▸ **Input data**
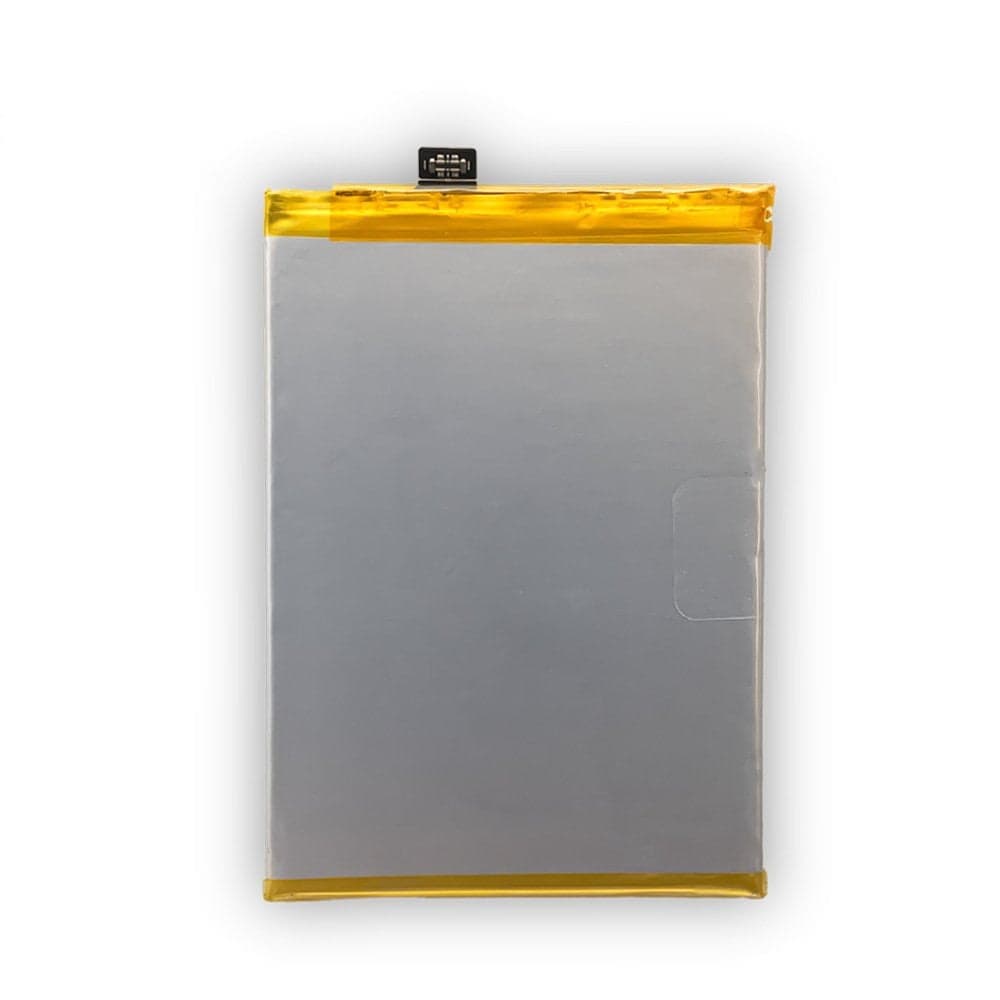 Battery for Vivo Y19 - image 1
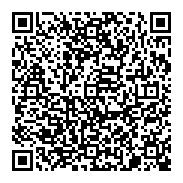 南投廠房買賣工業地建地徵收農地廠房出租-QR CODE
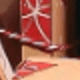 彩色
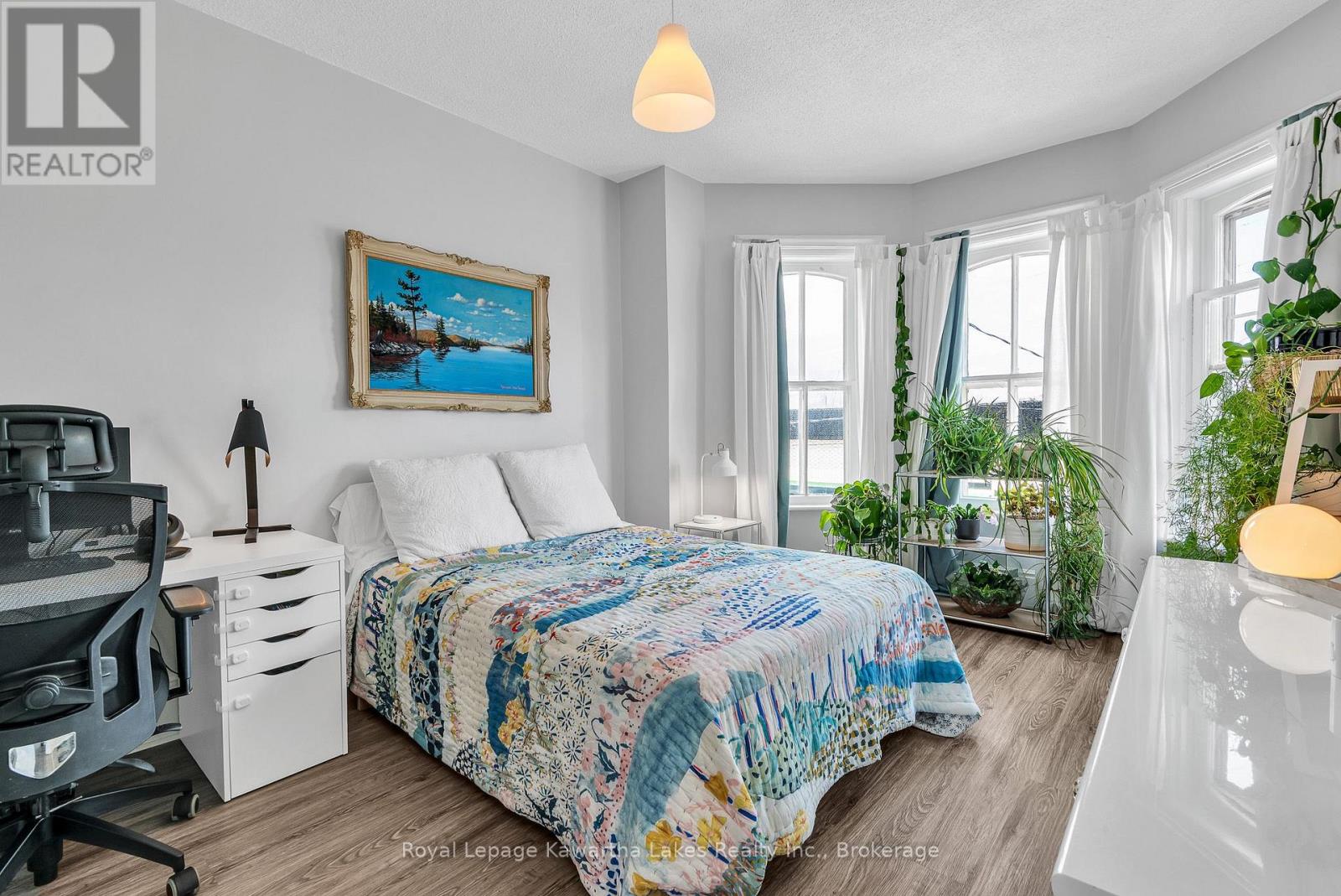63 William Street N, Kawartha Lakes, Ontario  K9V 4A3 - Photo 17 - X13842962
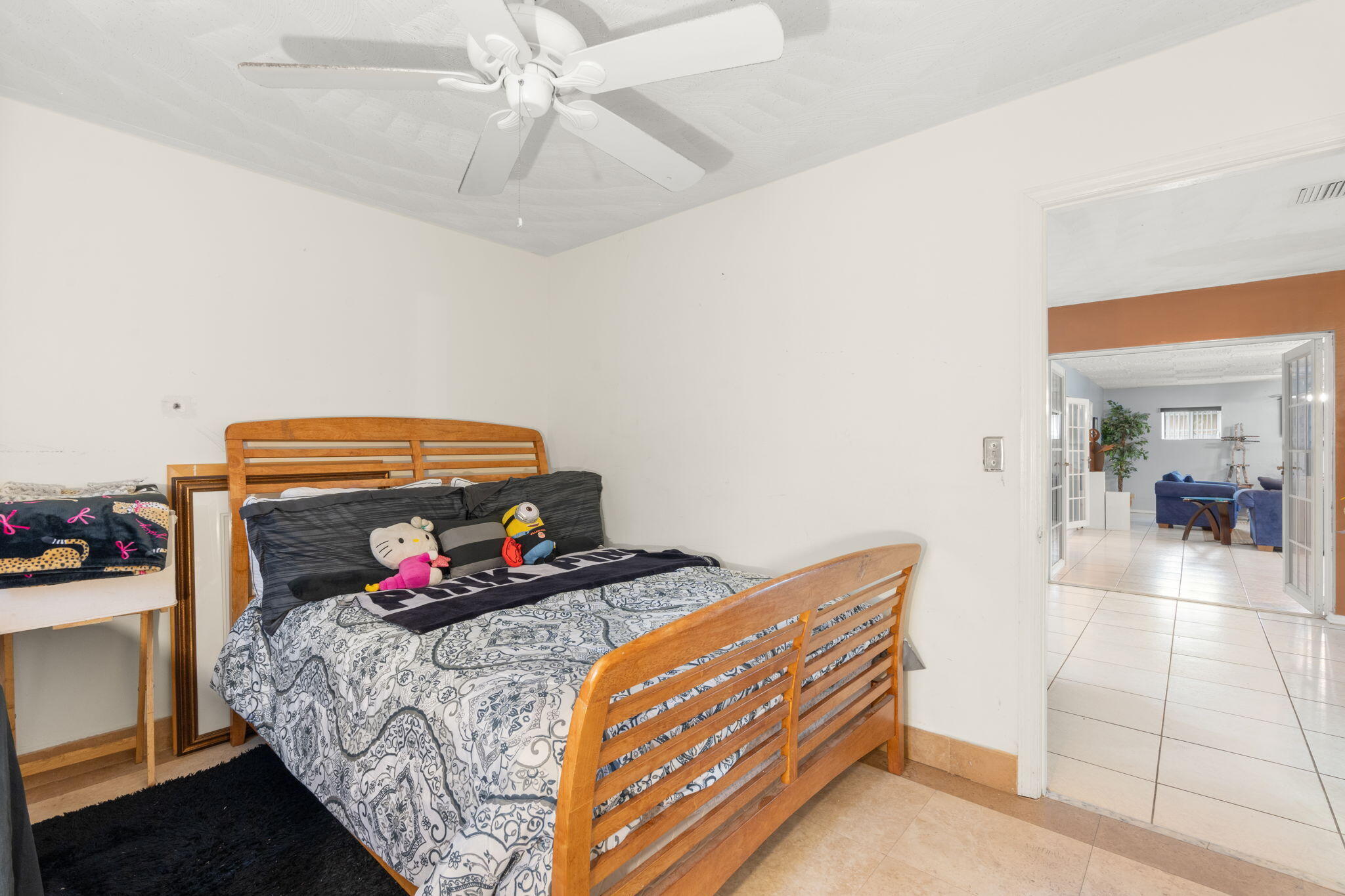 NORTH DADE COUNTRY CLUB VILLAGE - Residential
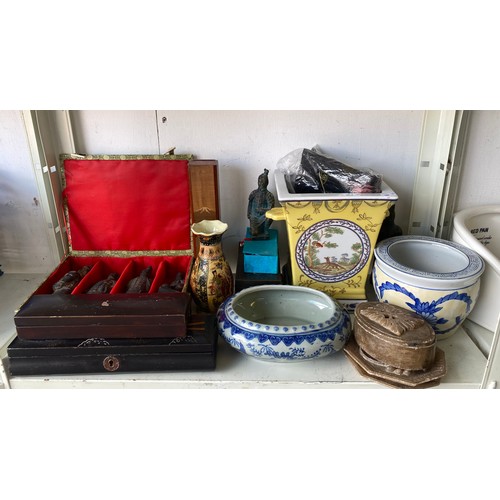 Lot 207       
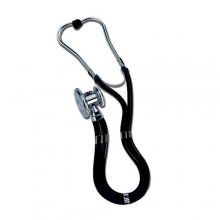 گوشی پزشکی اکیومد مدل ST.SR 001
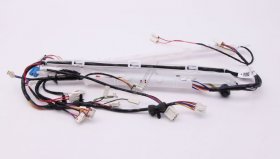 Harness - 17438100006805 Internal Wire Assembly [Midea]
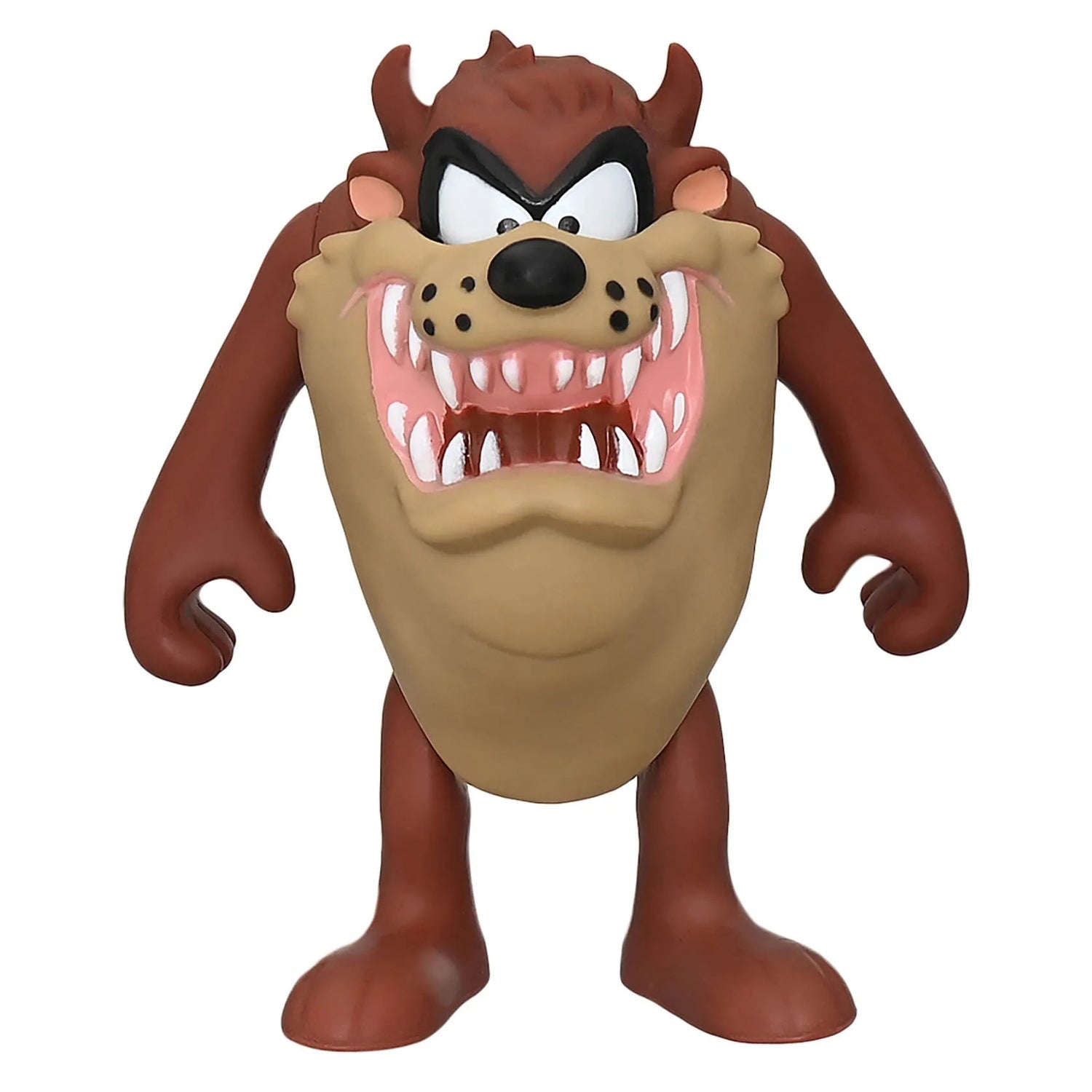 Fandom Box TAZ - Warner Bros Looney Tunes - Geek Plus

▸ **Work task**
Line for line, restate the data above and omit every picture.

▸ **Result of this task**
 Battery for Vivo Y19 - image 1
 南投廠房買賣工業地建地徵收農地廠房出租-QR CODE
 彩色
63 William Street N, Kawartha Lakes, Ontario  K9V 4A3 - Photo 17 - X13842962
 NORTH DADE COUNTRY CLUB VILLAGE - Residential
 Lot 207       
 گوشی پزشکی اکیومد مدل ST.SR 001
 Harness - 17438100006805 Internal Wire Assembly [Midea]
 Fandom Box TAZ - Warner Bros Looney Tunes - Geek Plus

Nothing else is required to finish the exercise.